Slowness in adding/removing from opensearch-keystore

Versions (OpenSearch/Server OS/):
OpenSearch 3.3.2, Red Hat 8.10

Describe the issue:

I’m seeing that attempts to add to or remove the keystore using opensearch-keystore on the CLI are hanging and not completing;

[root@vdc-vm-0026925 opensearch]# bin/opensearch-keystore list gcs.client.default.credentials_file
keystore.seed

[root@vdc-vm-0026925 opensearch]# bin/opensearch-keystore remove gcs.client.default.credentials_file

When I run this, I’m seeing that there’s a opensearch.keystore.tmp file created in config/

[root@vdc-vm-0026925 opensearch]# ls -la config/*keystore*
-rw-------. 1 opensearch opensearch 2570 Nov  7 14:41 config/opensearch.keystore
-rw-r-----. 1 root       root          0 Nov  7 16:15 config/opensearch.keystore.tmp

If i try to run this again whilst there is config/opensearch.keystore.tmp file, I’m thrown this error

[root@vdc-vm-0026925 opensearch]# bin/opensearch-keystore remove gcs.client.default.credentials_file
Exception in thread "main" java.nio.file.FileAlreadyExistsException: /usr/share/opensearch/config/opensearch.keystore.tmp
        at java.base/sun.nio.fs.UnixException.translateToIOException(UnixException.java:94)
        at java.base/sun.nio.fs.UnixException.rethrowAsIOException(UnixException.java:106)
        at java.base/sun.nio.fs.UnixException.rethrowAsIOException(UnixException.java:111)
        at java.base/sun.nio.fs.UnixFileSystemProvider.newFileChannel(UnixFileSystemProvider.java:213)
        at java.base/sun.nio.fs.UnixFileSystemProvider.newByteChannel(UnixFileSystemProvider.java:244)
        at java.base/java.nio.file.spi.FileSystemProvider.newOutputStream(FileSystemProvider.java:426)
        at java.base/java.nio.file.Files.newOutputStream(Files.java:215)
        at org.apache.lucene.store.FSDirectory$FSIndexOutput.<init>(FSDirectory.java:390)
        at org.apache.lucene.store.FSDirectory$FSIndexOutput.<init>(FSDirectory.java:383)
        at org.apache.lucene.store.FSDirectory.createOutput(FSDirectory.java:216)
        at org.apache.lucene.backward_codecs.store.EndiannessReverserUtil.createOutput(EndiannessReverserUtil.java:54)
        at org.opensearch.common.settings.KeyStoreWrapper.save(KeyStoreWrapper.java:530)
        at org.opensearch.tools.cli.keystore.RemoveSettingKeyStoreCommand.executeCommand(RemoveSettingKeyStoreCommand.java:70)
        at org.opensearch.tools.cli.keystore.BaseKeyStoreCommand.execute(BaseKeyStoreCommand.java:112)
        at org.opensearch.common.cli.EnvironmentAwareCommand.execute(EnvironmentAwareCommand.java:110)
        at org.opensearch.cli.Command.mainWithoutErrorHandling(Command.java:138)
        at org.opensearch.cli.MultiCommand.execute(MultiCommand.java:104)
        at org.opensearch.cli.Command.mainWithoutErrorHandling(Command.java:138)
        at org.opensearch.cli.Command.main(Command.java:101)
        at org.opensearch.tools.cli.keystore.KeyStoreCli.main(KeyStoreCli.java:62)

It’s also the same behaviour when trying to overwrite the existing item in the keystore, hanging at this point;

[root@vdc-vm-0026925 opensearch]# bin/opensearch-keystore add-file gcs.client.default.credentials_file gcp-service-account-key.json
Setting gcs.client.default.credentials_file already exists.
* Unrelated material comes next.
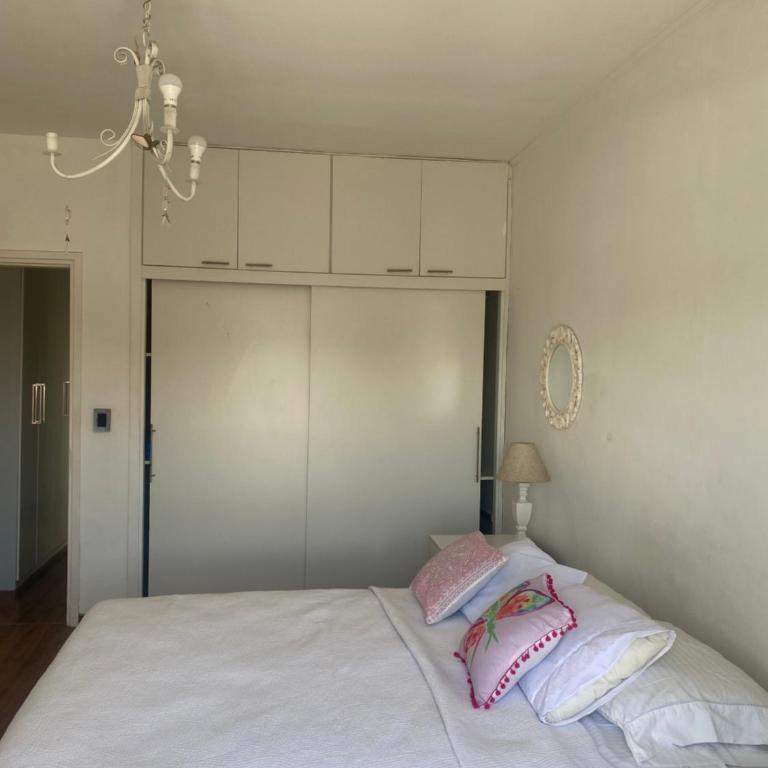 Los Ángeles - Three-Bedroom Apartment - 2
Overwrite? [y/N]y

Happy to include any relevant config as required. Thanks!

@JakeHardy14 How did you deploy this cluster? Are you changing opensearch.keystore when the service is running?

Hi @pablo Thanks for the response, I’m terraforming some VMs in my organisations private cloud, then using an adapted version of the GitHub - opensearch-project/ansible-playbook: 🤖 A community repository for Ansible Playbook of OpenSearch Project. to deploy the service to the VMs.

WRT changing the keystore, I’ve tried both approaches, making changes while the service is running, and intentionally stopping the service before trying to add/delete from the keystore. From what i’ve seen, both approaches result in the same hanging.

@JakeHardy14 I had the same issue when I tried to configure AWS credentials for S3 snapshot.
I decided to recreate the opensearch.keystore before adding any items.

opensearch-keystore create will initialize a new keystore and overwrite the existing one.

This was my approach through Dockerfile.

RUN /usr/share/opensearch/bin/opensearch-keystore create

# Add credentials dynamically at runtime
RUN echo $AWS_ACCESS_KEY_ID | /usr/share/opensearch/bin/opensearch-keystore add --stdin s3.client.default.access_key
RUN echo $AWS_SECRET_ACCESS_KEY | /usr/share/opensearch/bin/opensearch-keystore add --stdin s3.client.default.secret_key

Hi @pablo ,

Appreciate the suggestion, attempting to create a new keystore returns a prompt to overwrite when a keystore is already existing;

An opensearch keystore already exists. Overwrite? [y/N]

I couldn’t find any options to force the creation reading the documentation and the —helpargument with the opensearch-keystore which might make that approach unusable in an automated install approach.

(OpenSearch keystore - OpenSearch Documentation)

On a positive note, it does seem that the add/remove options against the keystore do complete, although I’ve seen a high of ~14 minutes for the command to complete, running the following to validate my findings;

[root@vdc-vm-0026925 opensearch]# date && bin/opensearch-keystore list && bin/opensearch-keystore add-file gcs.client.default.credentials_file gcp-service-account-key.json && bin/opensearch-keystore list && date

Wed 12 Nov 11:22:10 GMT 2025

keystore.seed

gcs.client.default.credentials_file

keystore.seed

Wed 12 Nov 11:36:45 GMT 2025

Here’s an example of the longest running entry.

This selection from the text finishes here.